REPUBLIKA.CO.ID, JAKARTA -- Guru besar hukum internasional dari Universitas Indonesia Prof Hikmahanto Juwana meminta pemerintah tidak menjadikan kasus Arcandra Tahar sebagai pemicu diakomodasinya status dwikewarganegaraan melalui revisi Undang-Undang (UU) Kewarganegaraan.
"Masalah Pak Arcandra Tahar jangan menjadi trigger untuk merevisi UU Kewarganegaraan, apalagi untuk mengakomodasi masalah dwi kewarganegaraan," ujar Hikmahanto dalam diskusi publik bertema 'Warga tanpa Negara' yang diselenggarakan lembaga penelitian PARA Syndicate di Jakarta, Jumat.
Arcandra Tahar adalah orang yang ditunjuk Presiden Jokowi sebagai Menteri Energi dan Sumber Daya Mineral, namun setelah 20 hari menjabat diberhentikan secara hormat, karena yang bersangkutan disebut-sebut berstatus dwikewarganegaraan Indonesia-Amerika Serikat.
Seiring mencuatnya kasus Arcandra, berkembang isu pemerintah akan memperbolehkan seseorang memiliki status dwikewarganegaraan. Bagi Hikmahanto, status dwikewarganegaraan sebaiknya hanya diberikan kepada orang-orang yang memiliki kerumitan status kewarganegaraan, misalnya orang yang melakukan perkawinan campur atau beda negara, serta anak-anak Indonesia yang lahir di luar negeri.

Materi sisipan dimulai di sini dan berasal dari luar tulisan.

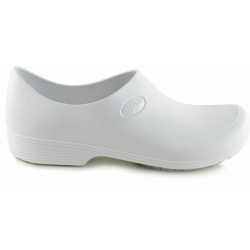 Sapato canada epi sticky shoe discount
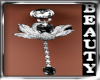 BELLY RING ALLUREV2
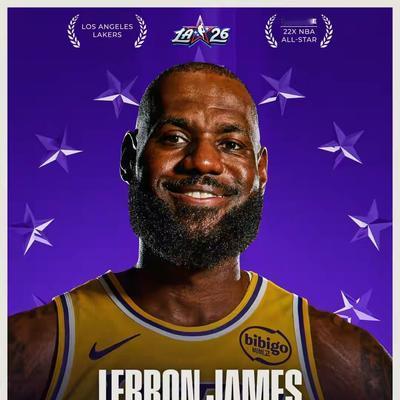 宫城聊球：火箭季后赛对手究竟是打湖人好还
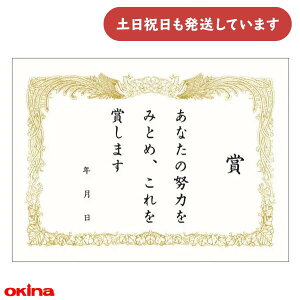 ILi pI ܏J[h 14×10.3cm ^[  ق 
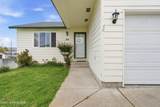810 Trinity Ct - Photo 2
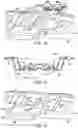 Fig. 08 - Vehicle body structure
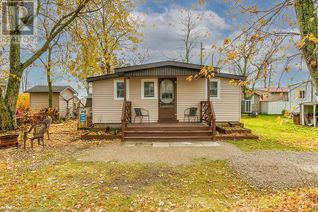 House for Sale, 1038 Lakeshore Road, Selkirk, ON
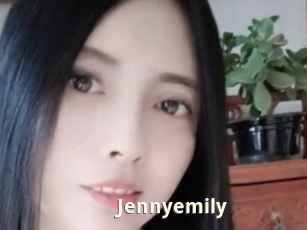 Jennyemily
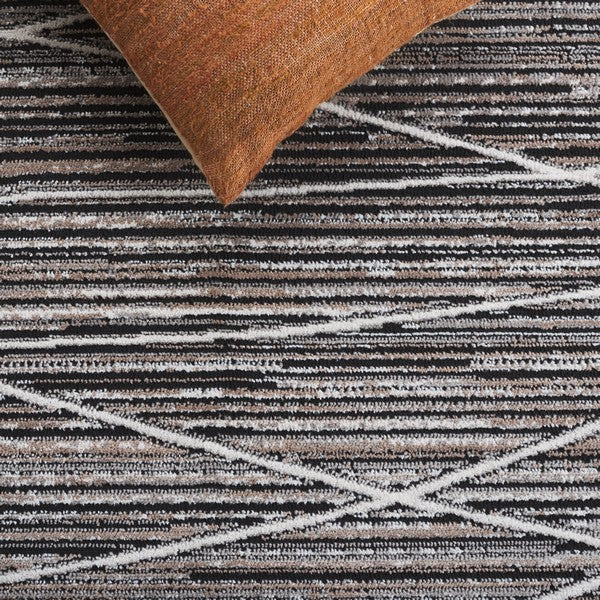 safavieh clearance mila mil222c beige rug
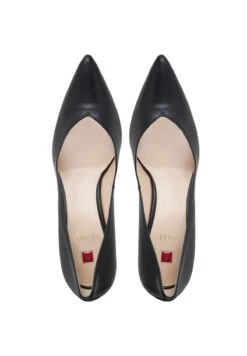 HÖGL Boulevard - Klassieke Pumps - Schwarz -Kleding Discount Winkel 75cad663fc7b40688e1fd5f65180d1d3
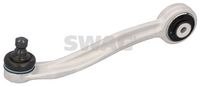 Bascula brat suspensie roata SWAG, Cod: 30 93 6603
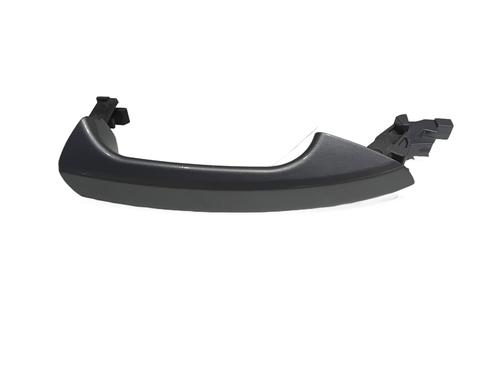 Used Rear right exterior door handle Rear right exterior door handle 36903879 36903879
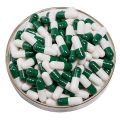 Pure Moringa – 200 Capsules, 100 Capsules & 50 Capsules | Moringa Capsules for Weight Loss | Moringa Capsules Nutrifactor | Moringa Capsules Organic Store | Moringa Capsules Shifa-e-Nabvi | Moringa Capsules Chiltan Pure | Organic Moringa Powder. 
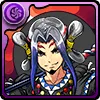根源の神・イザナギＸ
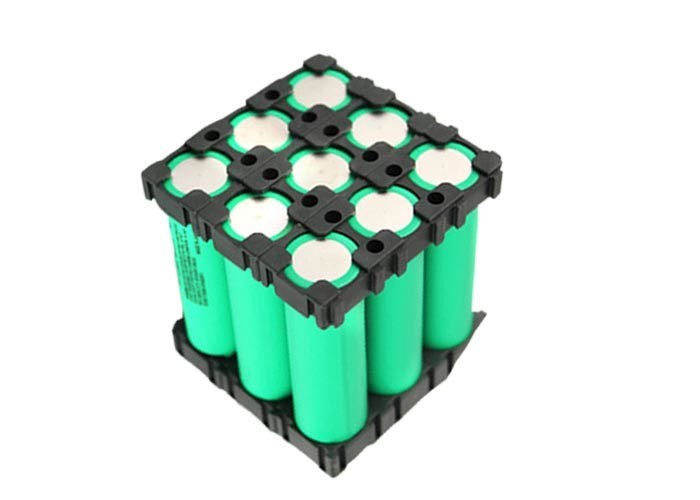 11.1V 7800mAh PAC Battery 18650 Lithium Rechargeable High Rate Discharge for Electric Tools Water Pump Cordless Drill
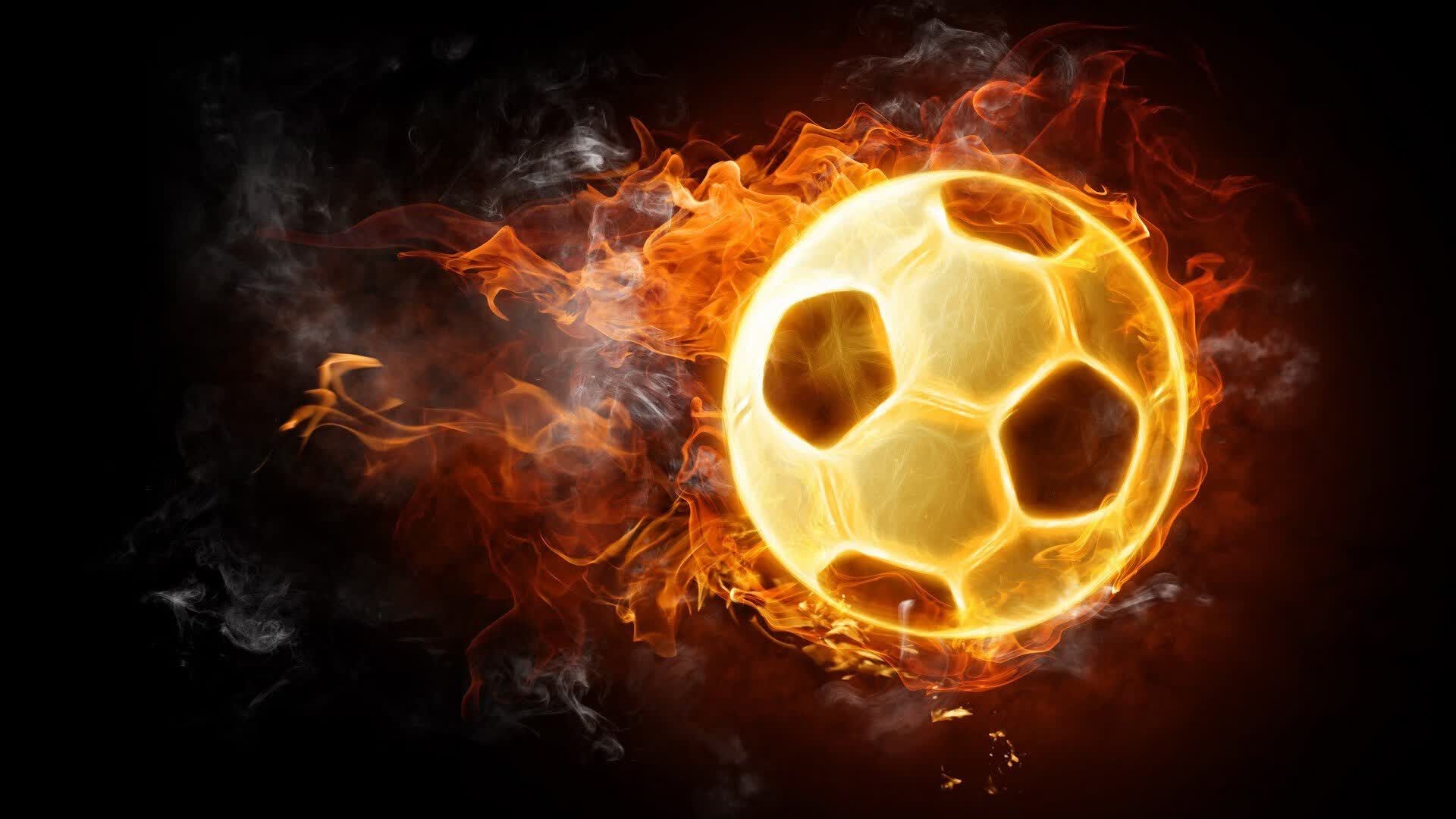 世界杯2026-福建队逆天翻盘辽宁队！布伦森最后时刻封神，这场球看得我热血沸腾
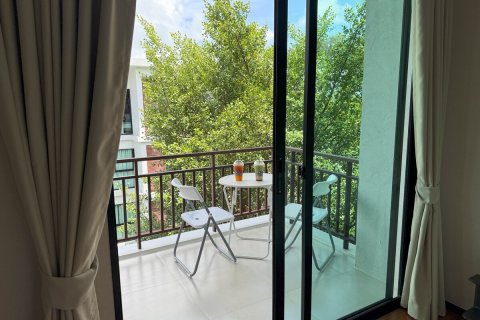 Studio in Pattaya, Thailand № 163745 - photo 9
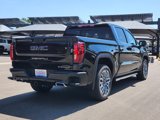 New 2026 GMC Sierra 1500 Denali Ultimate image 3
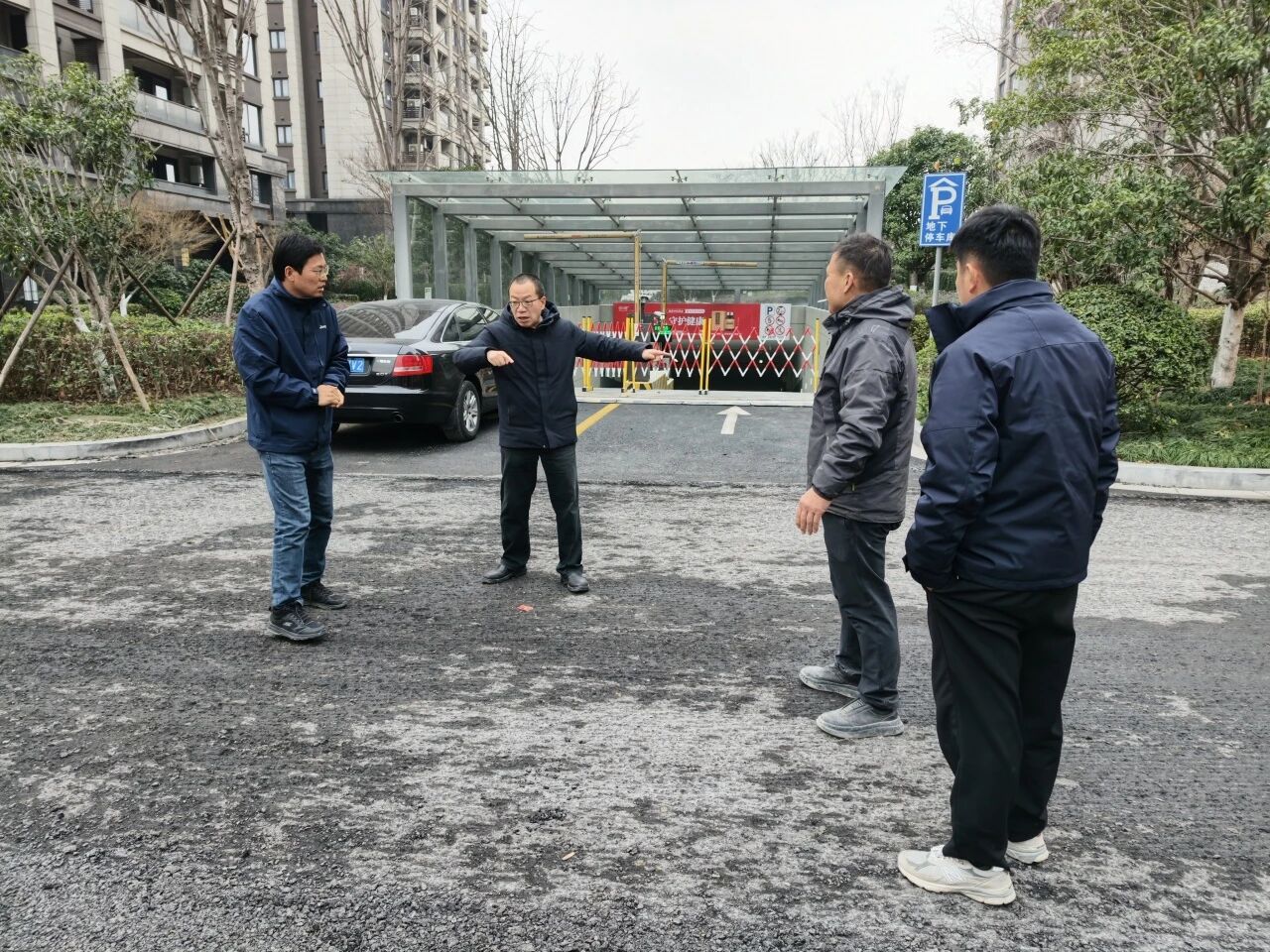 1772181179668291GS5d.jpg 1772181179668291GS5d.jpg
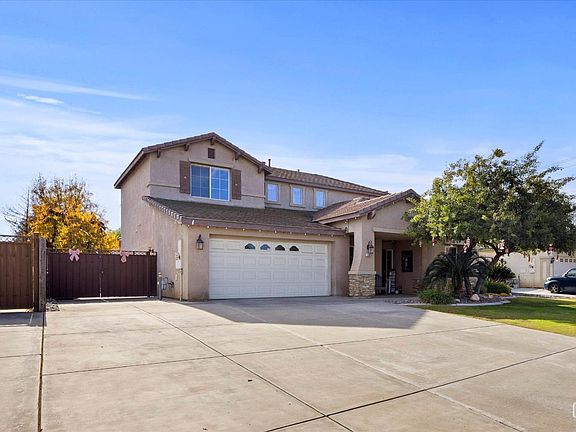 2nd image of 12809 Trafalgar Square Dr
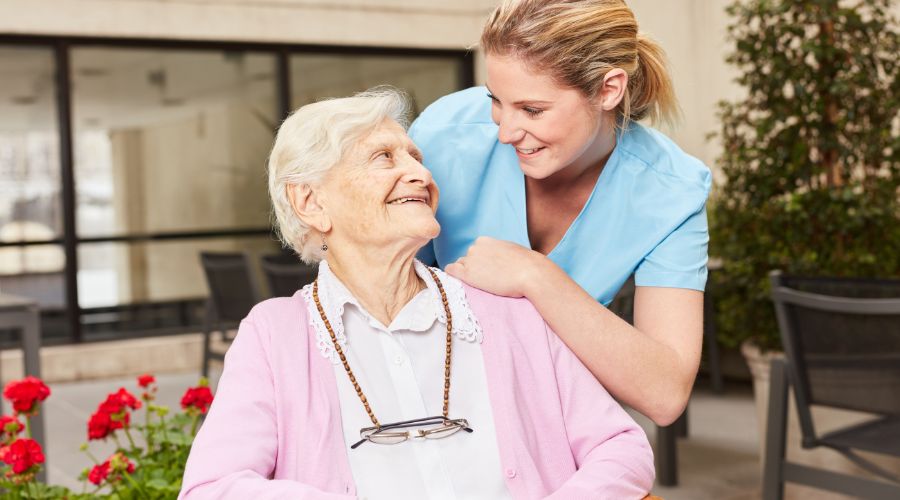  What Is Duty Of Care In Aged Care CoreValue au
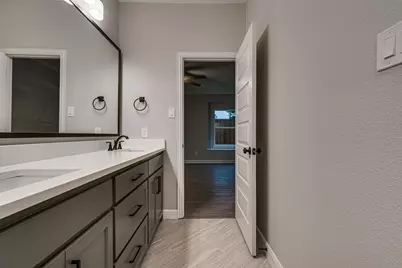 8247 Heritage Glen Drive, Red Oak, TX 75154 - Photo 21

Sedangkan untuk diaspora atau warga Indonesia yang telah menjadi warga negara asing, harus mengikuti prosedur perundang-undangan yang berlaku guna mendapatkan kewarganegaraan Indonesianya kembali.
Menurut Hikmahanto, sesuai undang-undang, untuk mendapatkan kewarganegaraan Indonesia, seseorang harus bermukim selama lima tahun di Indonesia berturut-turut, atau bermukim selama 10 tahun di Indonesia secara tidak berturut-turut, atau diberikan status kewarganegaraan Indonesia oleh pemerintah karena yang bersangkutan dianggap telah memiliki prestasi bagi Indonesia.
Dia menilai Arcandra harus menjalankan persyaratan bermukim sekurangnya lima atau 10 tahun di Indonesia jika ingin memperoleh kewarganegaraan Indonesia kembali. Arcandra tidak bisa diberikan langsung status WNI, karena meski dikatakan telah berhasil menghemat 15 miliar kasus Blok Masela, namun penghematan itu dipandang baru berupa potensi, belum dapat dikatakan sebuah prestasi.